Sevgili oldukları günlerde, bazen kız, birinci sınıfta beraber okudukları, ilk yılın sonunda başka bir üniversiteye yatay geçiş yapan bir çocuktan bahsediyordu. Söylediğine göre onunla hiç sevgili olmamışlardı. Sadece ondan platonik olarak hoşlanıyordu. Kızın, şimdiki erkek arkadaşıyla birlikteyken böyle söylemesi Onun zoruna gidiyordu. Önceleri bunu kendisini kıskandırmak için yaptığını düşünmüştü. Lakin durumun böyle olmadığını daha sonra anladı. Kızın içten içe onu hala sevdiğini farketti. Bir aylık çıktıkları süre içinde en az beş kez onun adını anmıştı. Delikanlı bu duruma doğal olarak çok bozuluyor, suratını asıyordu. Bazen de sözlü olarak duygularını dile getiriyordu. Kız ise kolunu delikanlının omuzuna sararak onun eskide kaldığını ve hatta onun kendisini sevdiğinden bile haberi olmadığını söylüyordu. Bu delikanlıya çok da inandırıcı gelmiyordu. Zira bir genç kız aynı sınıfta okuyan bir delikanlıyı içten içe de sevse duygularını ondan saklaması mümkün değildi. Olamazdı. Tam tersine sevilen sevildiğini hiç şüphe yoktu ki hemencecik anlardı. Delikanlı sonraları kıza tepkisini koymuş ve bir daha onu düşünür ve ondan bahsederse kendisinden ayrılacağını söylemişti. Kız da bunun üzerine bıçakla keser gibi onun sözünü etmeyi kesmişti…Lakin kızın arada dalıp gitmesi delikanlının canını fena halde sıkıyordu. Ondan ayrılmayı kafasına koymuştu. Koymuştu koymasına ama kızın ağzının kenarından tükürük gelmesi bunu yapmasına engel oluyordu. Böyle bir davranış kuşkusuz fırsat düşkünlüğü olurdu. Bunu da asla kendisine yakıştıramazdı…
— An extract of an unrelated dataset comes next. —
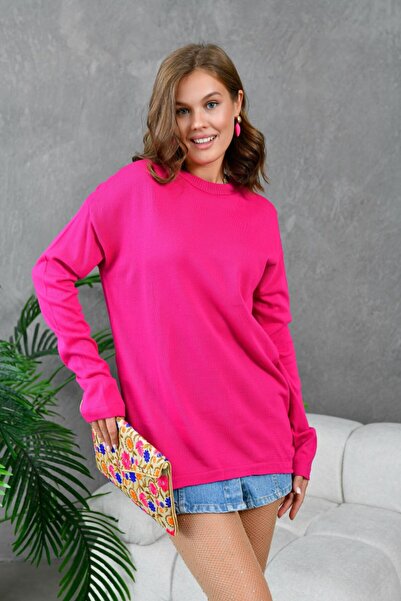 Noi Belis Basic Oversized Crew Neck Knitwear Sweater Aw25Kz0113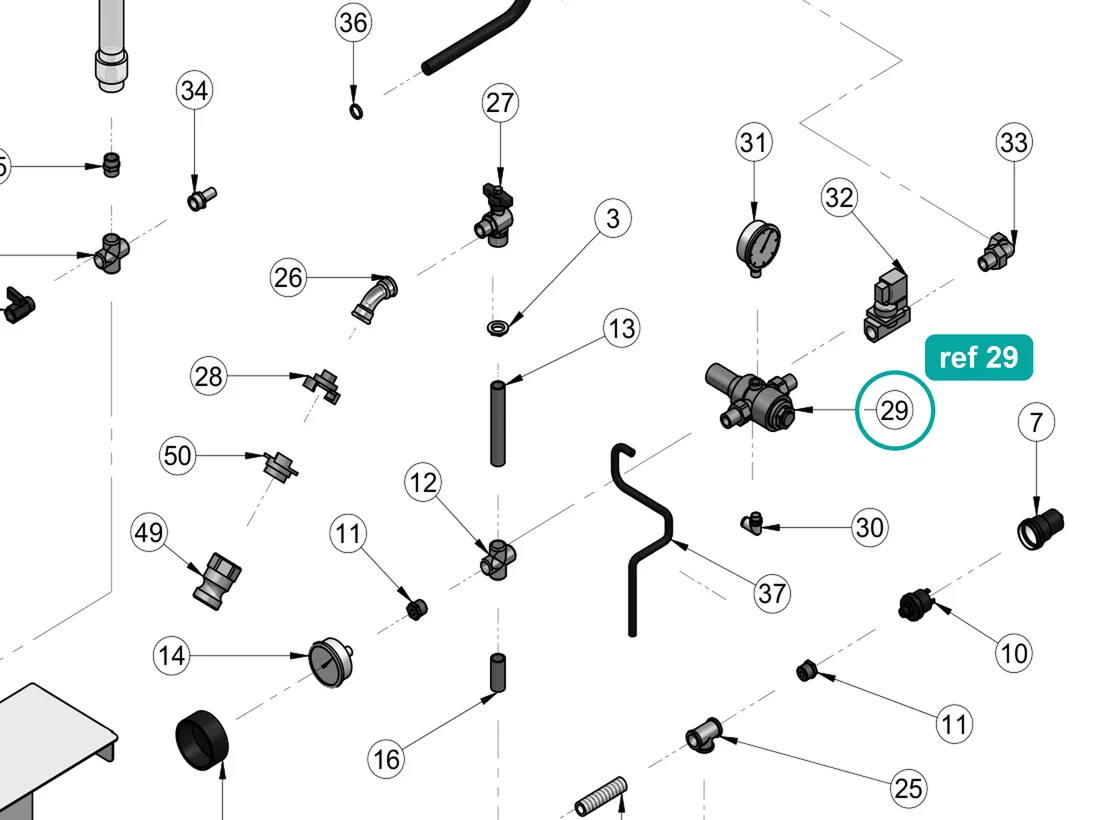 Pressure reducer (ref 29) highlighted on an IMER parts-book drawing – part 3223629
Neyse ki kız artık o çocuktan söz etmez olmuştu. Bunun üzerine mezuniyetlerine az bir süre kala o ilk zamanki mutluluklarını büyük ölçüde yakalamışlardı. Ya da kendileri öyle sanıyorlardı. Mezuniyet gecesinde yaşanacaklar sözcüklerle ifade edilemeyecek bir dramı gözler önüne serecekti…

Bölümleri farklıydı. Ancak aynı fakültenin öğrencileriydiler. Mezuniyet töreninde birlikte cübbe giyerek, kep fırlatacaklardı. O günün gecesinde de mezuniyet balosuna birlikte gideceklerdi. O günün öncesinde delikanlı ve genç kız neşeyle alışveriş yaptılar. Delikanlı kızdan ayrı olduğu ender zamanlardan birinde çoğu zaman yiyeceklerinden ve giyeceklerinden keserek biriktirdiği parayla kız arkadaşına balodan sonra yapacağı evlilik teklifi için bir tek taş yüzük almıştı. Bunu kız arkadaşını yurduna götürürken yapacak ve kız arkadaşının muhtemelen epeydir beklediği teklifi yapacaktı…
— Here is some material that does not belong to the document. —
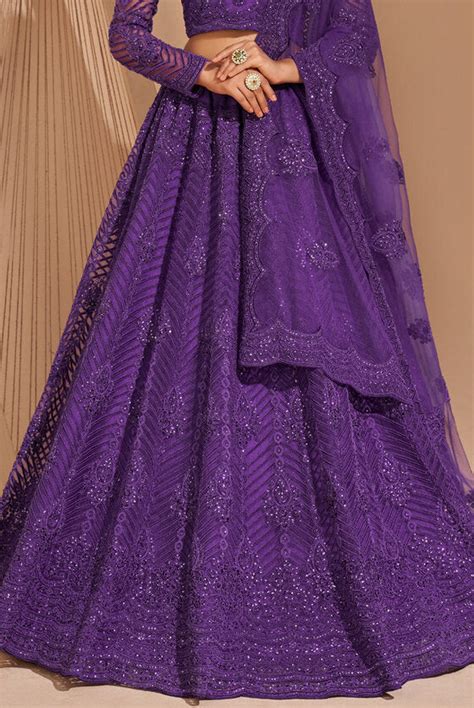 Gorgeous Voilet Stone Embroidered Silk And Net Semi-stitched Lehenga S ...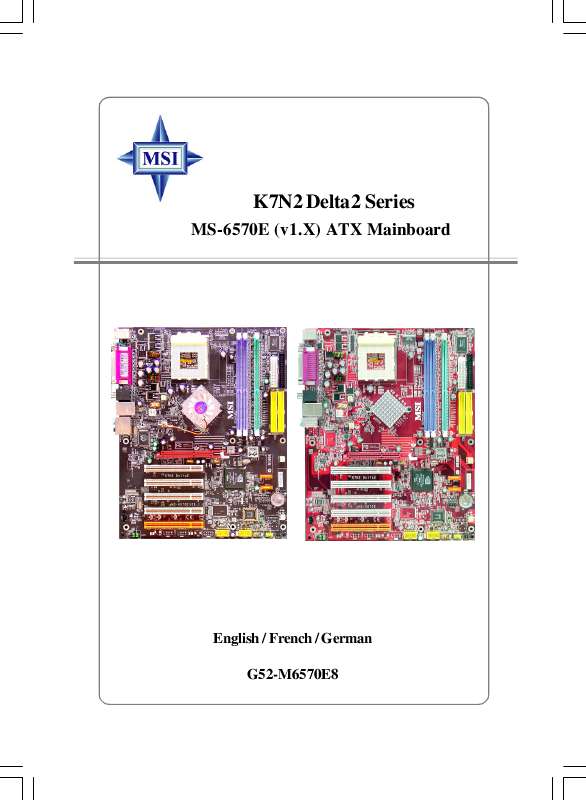 Guide utilisation MSI ATX K7N2 DELTA2  de la marque MSI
Mezuniyet töreni anlatılmazdı. Dört yıl boyunca canını dişine takan, çoğu farklı şehirlerden gelen gençlerin gökyüzüne aynı anda fırlattıkları kepler, gökyüzünü göz kamaştıran bir şekilde kapladılar.. Mutlu oldukları kadar buruktular da.. Zira ertesi gün hayat her birini farklı istikametlere doğru götürecekti. Kimilerini bin bir renkli mutluluk ummanlarına uçururken, kimilerini de acılarla dolu yaşamlara sürükleyecekti. Hayat böyle bir şeydi. Kimine ilkbahar tarafını gösterirken kimine kara kış tarafını gösterecekti…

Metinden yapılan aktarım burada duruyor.